**What to do**
From the entries below, reproduce exactly the lines from the one with "Jacadi Pink and Brown Wool Coat Age 4" through the one with "1930 Complete Sherlock", both included, without images.
:: Input ::
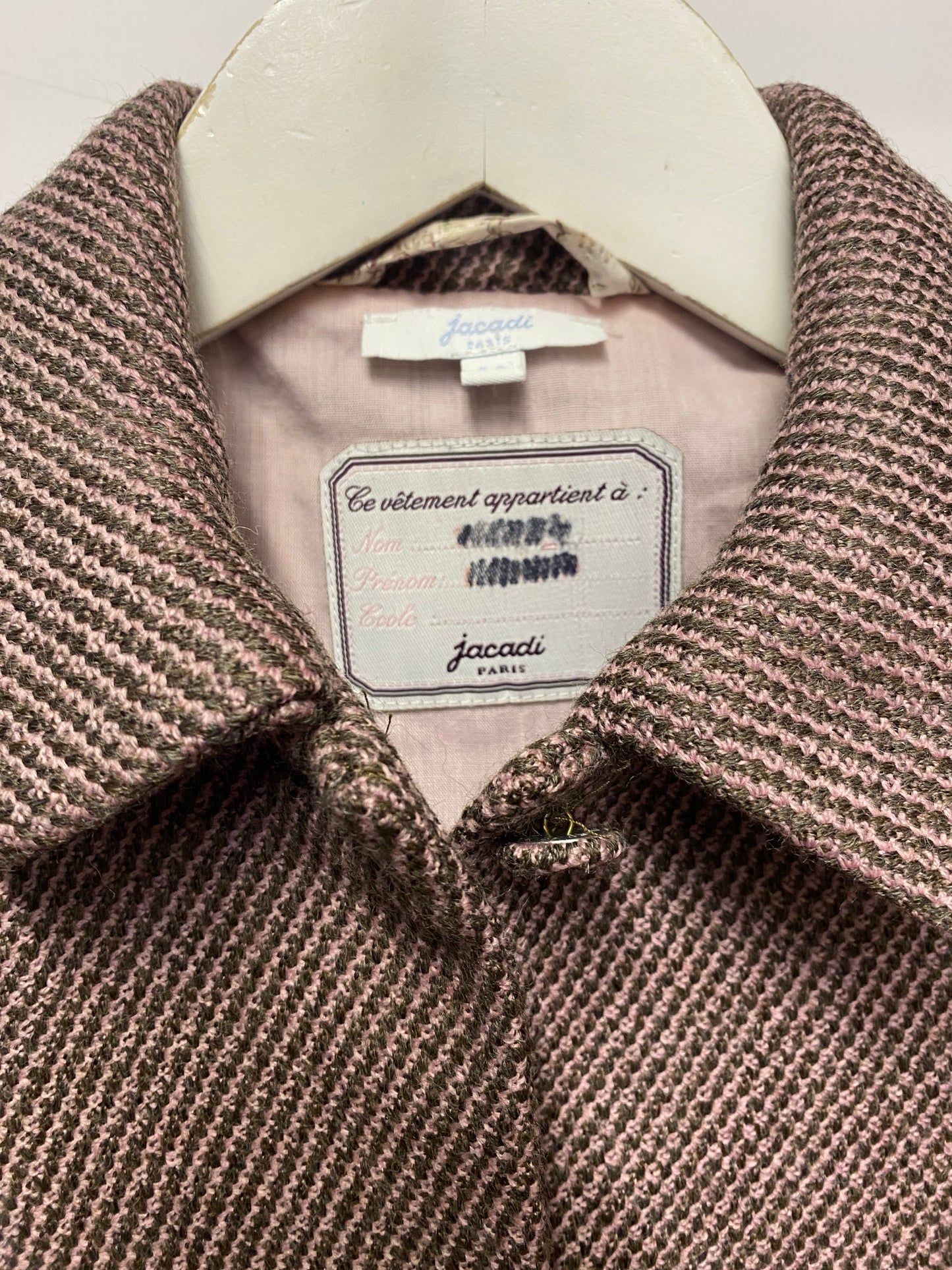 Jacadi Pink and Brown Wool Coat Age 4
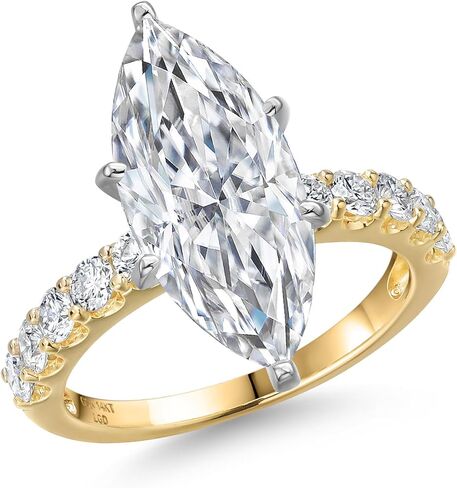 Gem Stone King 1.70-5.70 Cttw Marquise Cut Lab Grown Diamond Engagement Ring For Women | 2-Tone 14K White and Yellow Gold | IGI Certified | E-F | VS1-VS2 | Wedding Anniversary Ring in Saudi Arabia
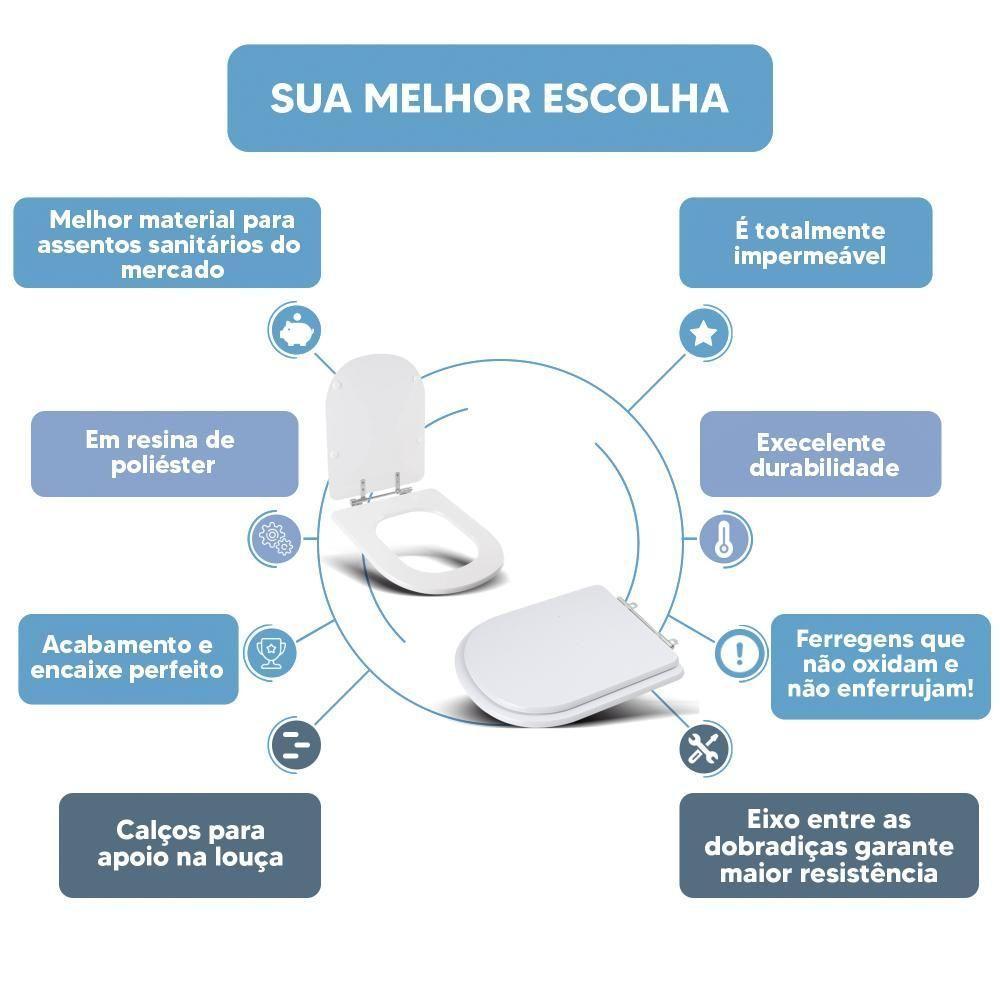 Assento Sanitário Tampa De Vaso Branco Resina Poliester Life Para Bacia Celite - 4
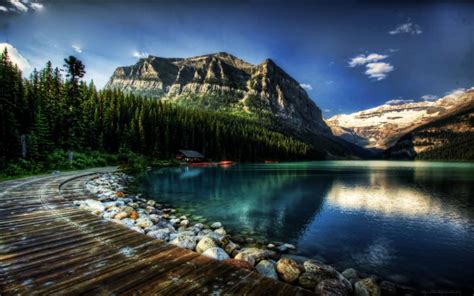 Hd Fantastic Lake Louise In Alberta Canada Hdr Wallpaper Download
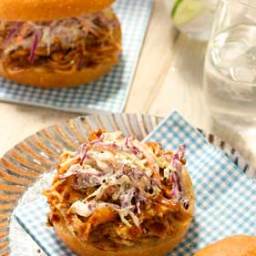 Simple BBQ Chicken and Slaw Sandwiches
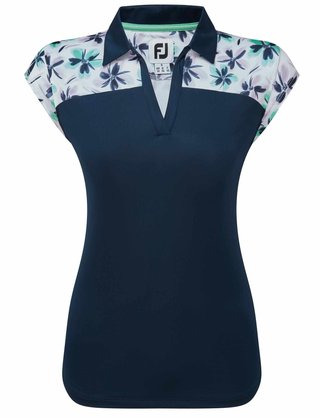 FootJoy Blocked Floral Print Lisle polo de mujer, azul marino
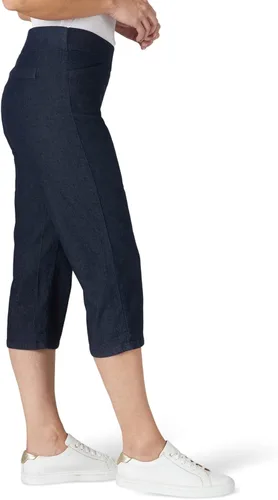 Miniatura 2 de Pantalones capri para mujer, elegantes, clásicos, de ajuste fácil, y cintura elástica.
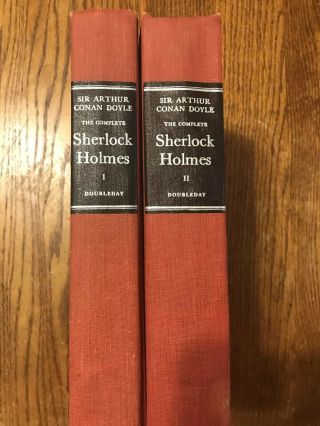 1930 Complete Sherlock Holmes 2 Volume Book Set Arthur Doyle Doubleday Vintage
:::
:: Input ::
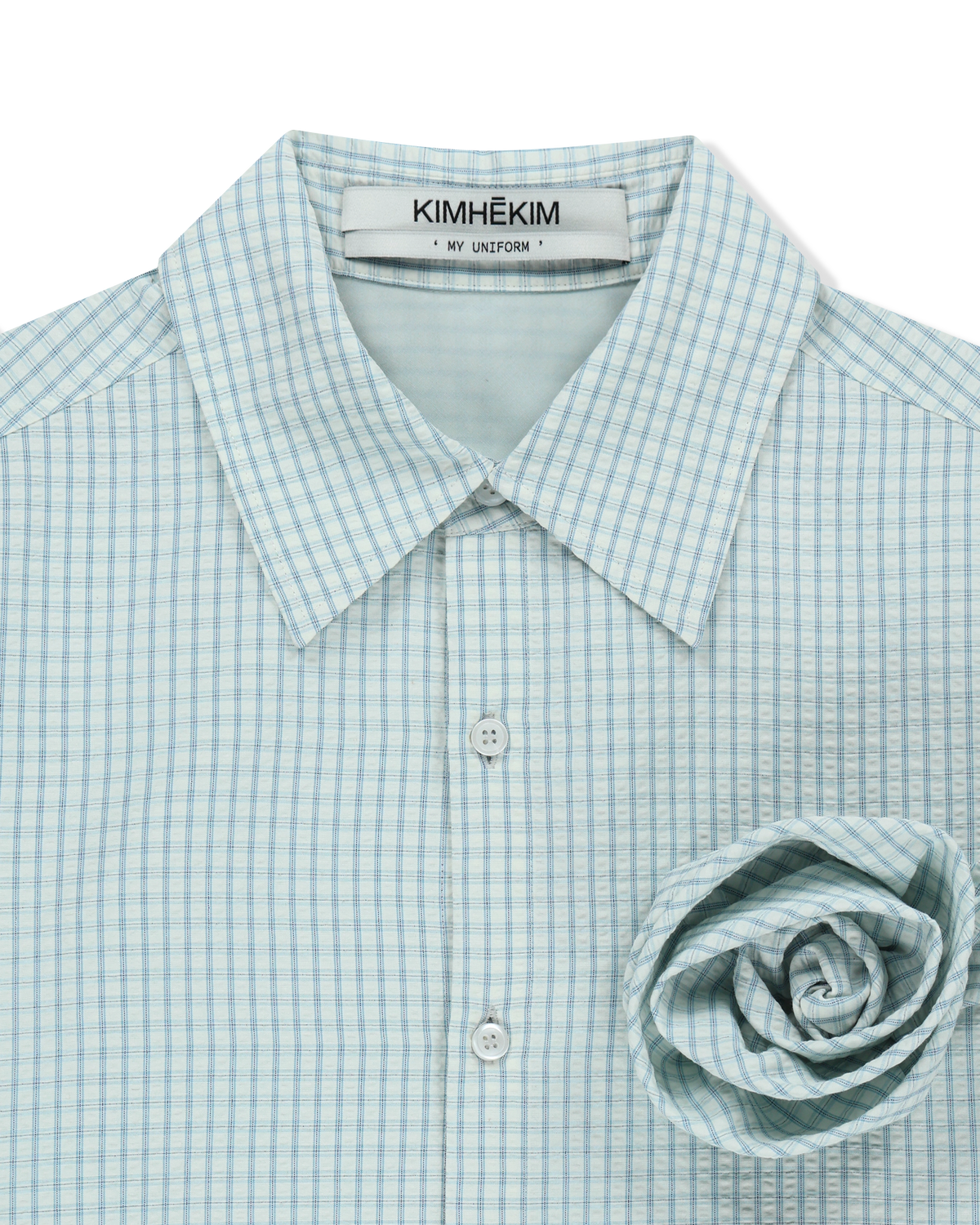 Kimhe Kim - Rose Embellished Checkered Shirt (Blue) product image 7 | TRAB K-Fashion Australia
:::
**Solution to this problem**
 Jacadi Pink and Brown Wool Coat Age 4
 Gem Stone King 1.70-5.70 Cttw Marquise Cut Lab Grown Diamond Engagement Ring For Women | 2-Tone 14K White and Yellow Gold | IGI Certified | E-F | VS1-VS2 | Wedding Anniversary Ring in Saudi Arabia
 Assento Sanitário Tampa De Vaso Branco Resina Poliester Life Para Bacia Celite - 4
 Hd Fantastic Lake Louise In Alberta Canada Hdr Wallpaper Download
 Simple BBQ Chicken and Slaw Sandwiches
 FootJoy Blocked Floral Print Lisle polo de mujer, azul marino
 Miniatura 2 de Pantalones capri para mujer, elegantes, clásicos, de ajuste fácil, y cintura elástica.
 1930 Complete Sherlock Holmes 2 Volume Book Set Arthur Doyle Doubleday Vintage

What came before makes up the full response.